These are hefty requirements and will apply to banks, credit unions, and non-bank lenders whether they operate online or in storefronts, and regardless of licensing authority.
It is unclear if these new rules will help the borrowers get better credit products or understand the lending products they receive. However, the big winners, if these rules pass, will be the credit bureaus and the alternative data providers. Most borrowers targeted by the CFPB rules are not customers of the standard credit bureaus like Experian , Equifax or TransUnion because they have very low credit or no credit. Therefore companies like PRBC.com , which we covered here, who can provide useful data to help meet the CFPB requirements, stand to be the big winners with these rules for sure.
Effect on lenders
So how should lending institutions impacted by these new rules move forward to ensure they don’t run afoul of the law and remain profitable to continue doing business?

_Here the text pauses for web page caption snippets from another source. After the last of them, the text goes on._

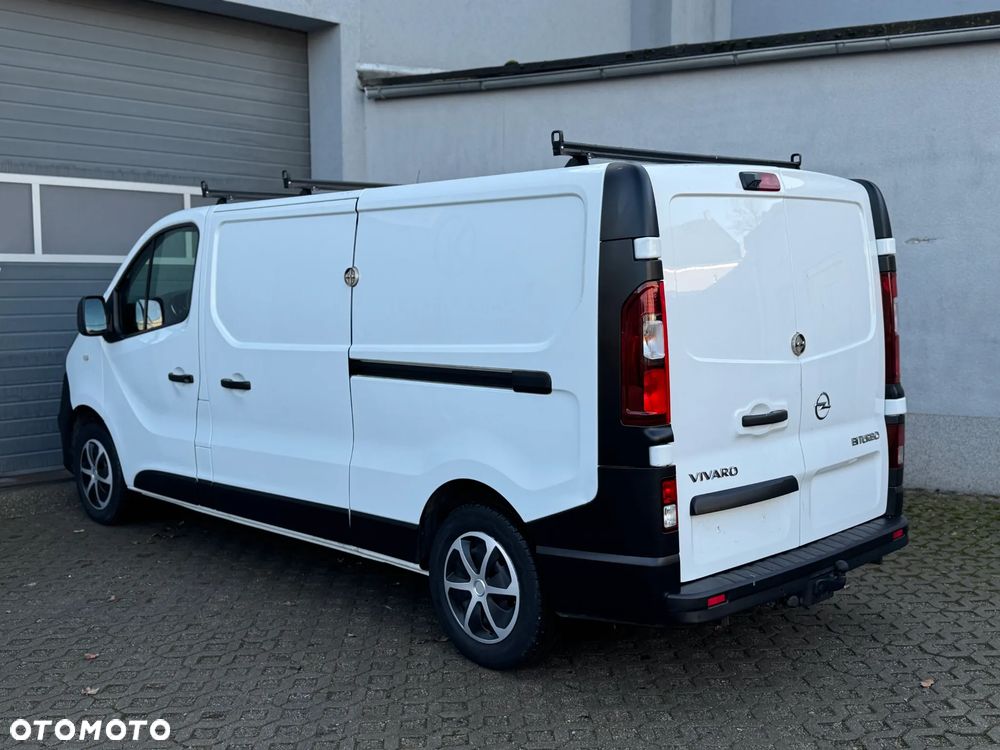 Opel Vivaro - 17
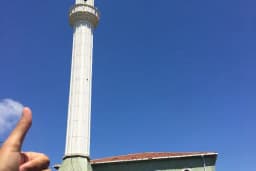Şamlar Yeşil Çamlık Cami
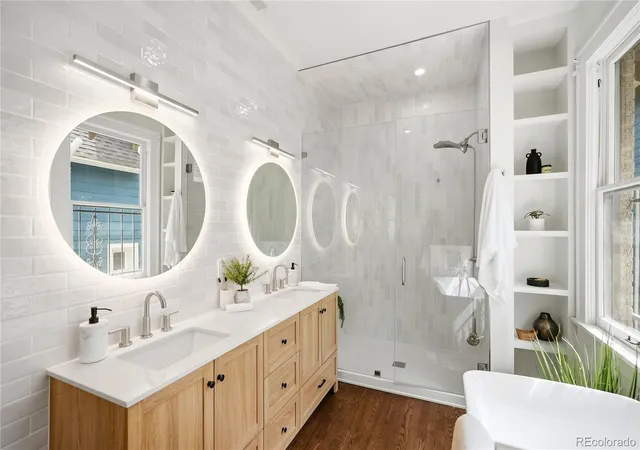Photo 3 of Single family home for sale at 800 S Emerson St, Denver, CO 80209 | MLS# 4971643 | Listing updated on 2026-10-11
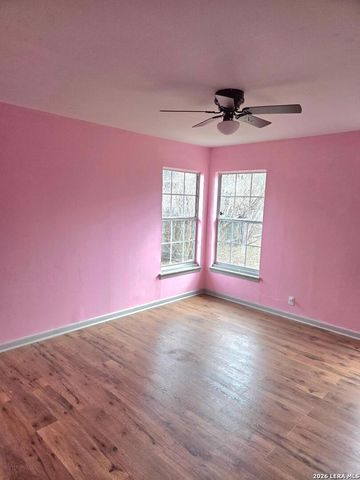 310 Williamsburg, San Antonio, TX 78201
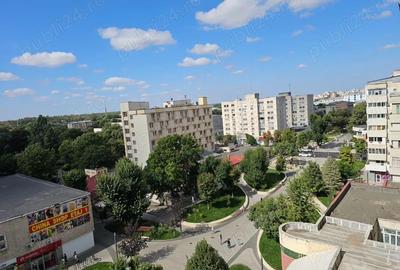 Apartament cu 4 camere decomandat în Ultracentral - 3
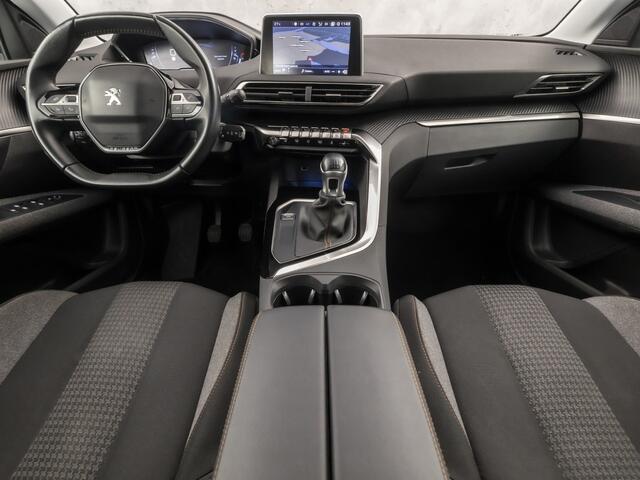 Peugeot 5008 1.2 PureTech Sport 7 Persoons (APPLE CARPLAY, GROOT NAVI, PARKEERSENSOREN, SPORTSTOELEN, CRUISE, LANE ASSIST, NIEUWE APK, NIEUWSTAAT)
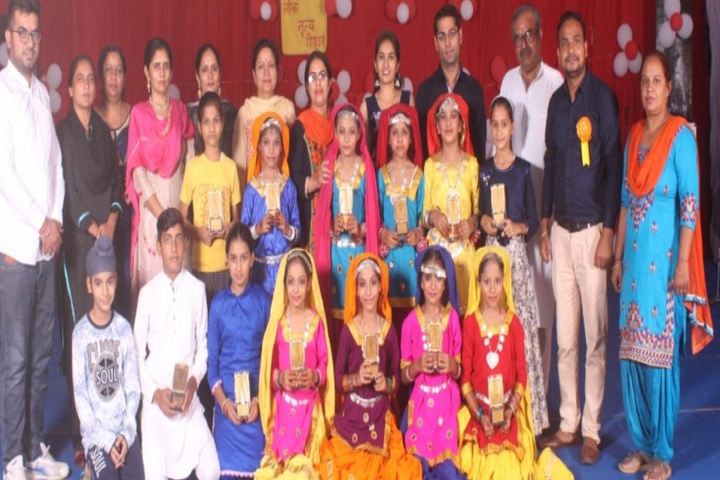 Sh Surender Kumar Gupta Saruhitkari Vidya Mandir-Fancy Dress
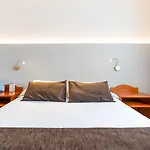 ホテル ポンフェラーダ プラザ 3*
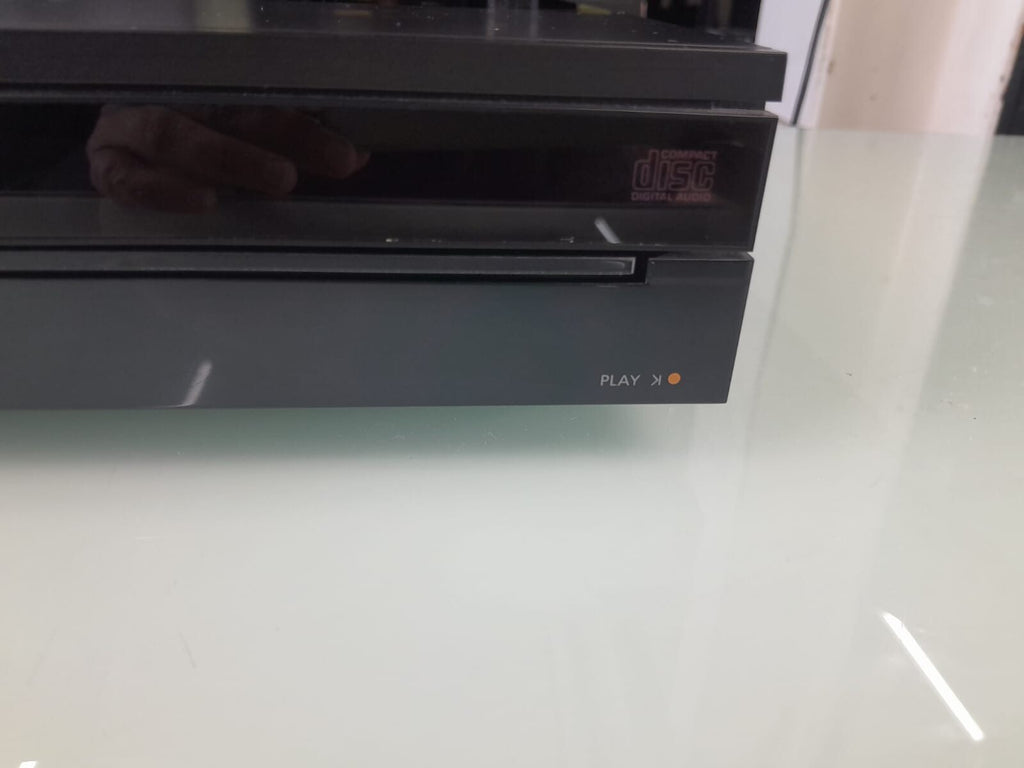 BANG & OLUFSEN B&O BEOGRAM CD 7000 CD PLAYER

It should be self-evident by these proposed rules that no-application loans will be a thing of the past. In order to comply with the CFPB rules, you’ll have to gather certain information from borrowers or risk penalty. At a minimum, you’ll need to know
- The borrower’s weekly or monthly income
- Current debt load or credit
- How much the borrower pays in rent or mortgage each month
- Credit history and credit score
- Borrower’s total monthly commitments to creditors, utilities, landlords, and all other sources
- Bank account information (checking and savings)
All lending is based on risk. Higher-risk borrowers should pay higher interest rates and have more unfavorable payment terms. The proposed CFPB rules places no restrictions on those. But as a lender, you’ll have to do your due diligence on every borrower to determine whether or not that borrower is a good credit risk and, if so, how much of a risk they are. You can, and probably should, base your loan repayment terms on that risk assessment. One way to do that is to assign every borrower a risk rating, which you can do through the loan approval process.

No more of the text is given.